Department of Chemistry, Humboldt-Universität zu Berlin, 12489, Berlin, Germany.
Department of Biomolecular Systems, Max Planck Institute of Colloids and Interfaces, 14424, Potsdam, Germany.
Angew Chem Int Ed Engl. 2020 Nov 16;59(47):21016-21022. doi: 10.1002/anie.202006880. Epub 2020 Sep 15.

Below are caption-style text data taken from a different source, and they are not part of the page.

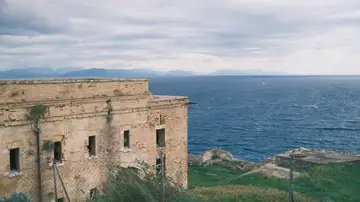 Cárcel isla italiana Cárcel isla italiana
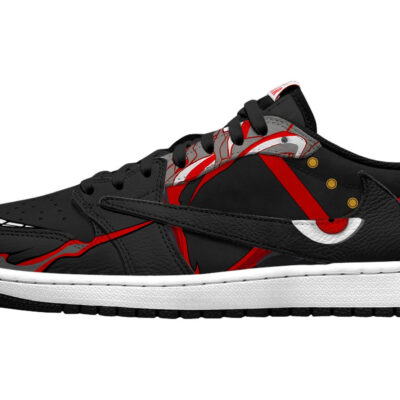 Okarun V.6 Dan Da Dan NAF Shoes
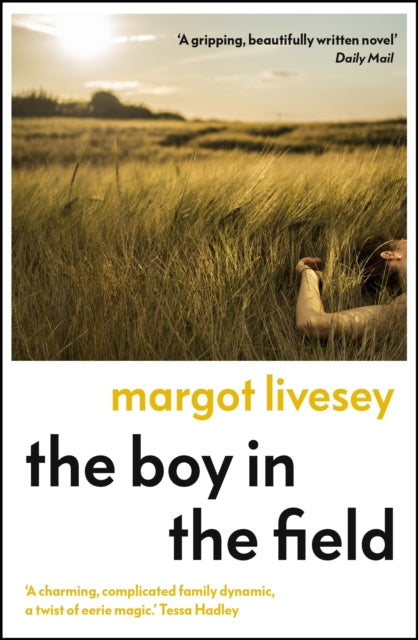 Boy In The Field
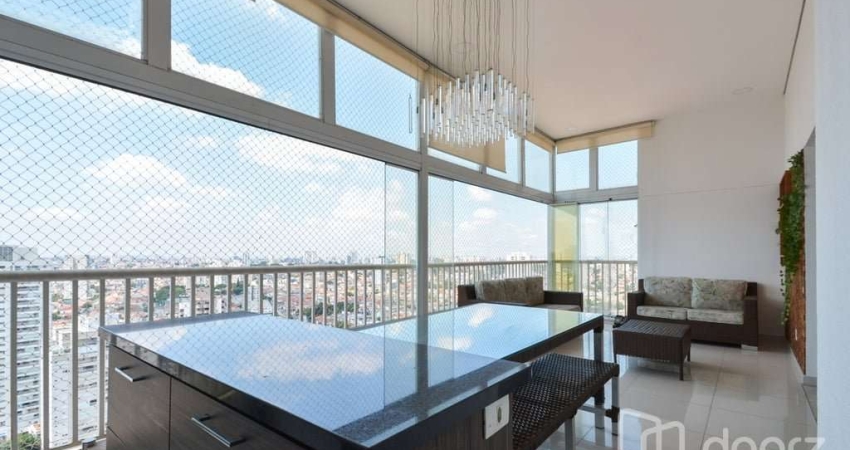 Apartamento com 3 quartos à venda na Gregório de Matos, 99, Tatuapé, São Paulo
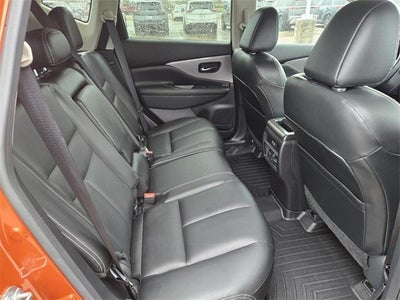 2022 Nissan Murano AWD SV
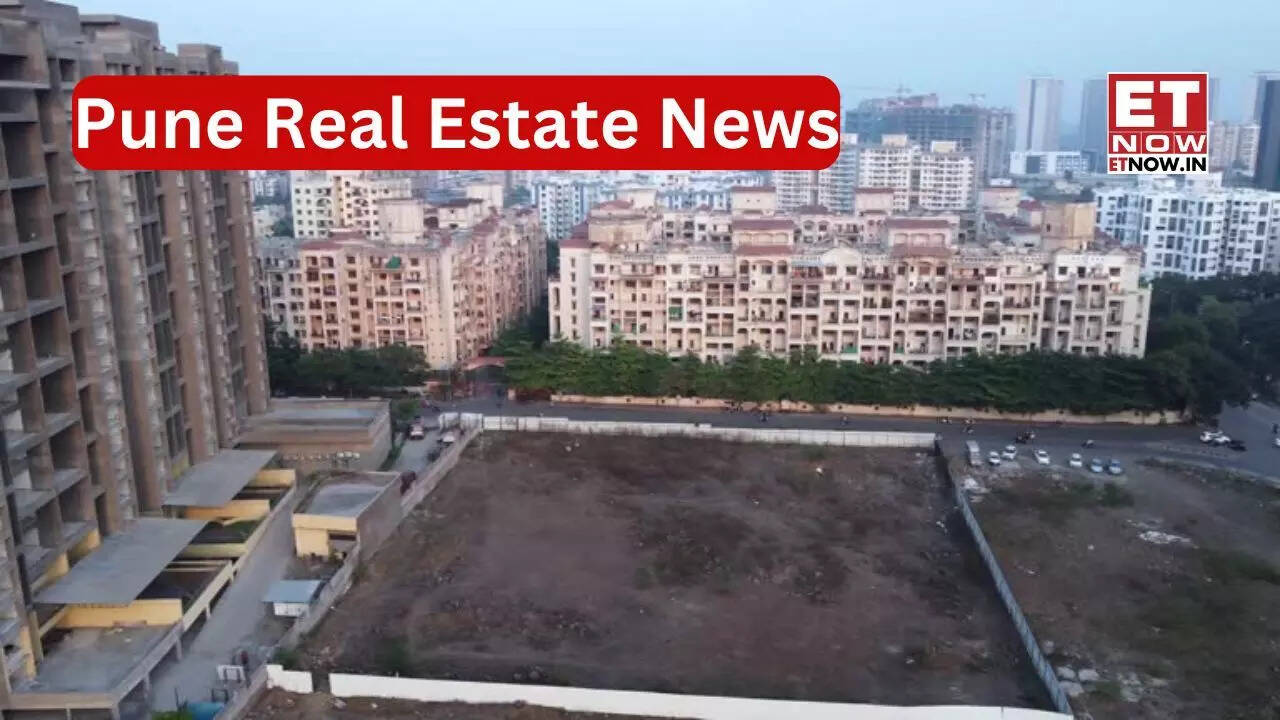 Real Estate News: Hiranandani Group, Krisala Developers to build Rs 7000 crore township in Pune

Binders of langerin could target vaccines to Langerhans cells for improved therapeutic effect. Since langerin has low affinity for monovalent glycan ligands, highly multivalent presentation has previously been key for targeting. Aiming to reduce the amount of ligand required, we rationally designed molecularly defined high-affinity binders based on the precise display of glycomimetic ligands (Glc2NTs) on DNA-PNA scaffolds. Rather than mimicking langerin's homotrimeric structure with a C3-symmetric scaffold, we developed readily accessible, easy-to-design bivalent binders. The method considers the requirements for bridging sugar binding sites and statistical rebinding as a means to both strengthen the interactions at single binding sites and amplify the avidity enhancement provided by chelation. This gave a 1150-fold net improvement over the affinity of the free ligand and provided a nanomolar binder (IC =300 nM) for specific internalization by langerin-expressing cells.
langerin 的结合物可以将疫苗靶向朗格汉斯细胞,以提高治疗效果。由于 langerin 与单价糖基配体的亲和力低,因此以前高度多价的呈递是靶向的关键。为了减少所需配体的数量,我们基于糖基模拟物配体(Glc2NTs)在 DNA-PNA 支架上的精确展示,合理设计了分子定义的高亲和力结合物。我们没有用 C3 对称支架来模拟 langerin 的三聚体结构,而是开发了易于获得、易于设计的二价结合物。该方法考虑了桥连糖结合位点的要求和统计再结合,既是为了增强单个结合位点的相互作用,也是为了放大螯合提供的亲和增强。与游离配体相比,这使亲和力提高了 1150 倍,为表达 langerin 的细胞的特异性内化提供了一种纳摩尔结合物(IC =300 nM)。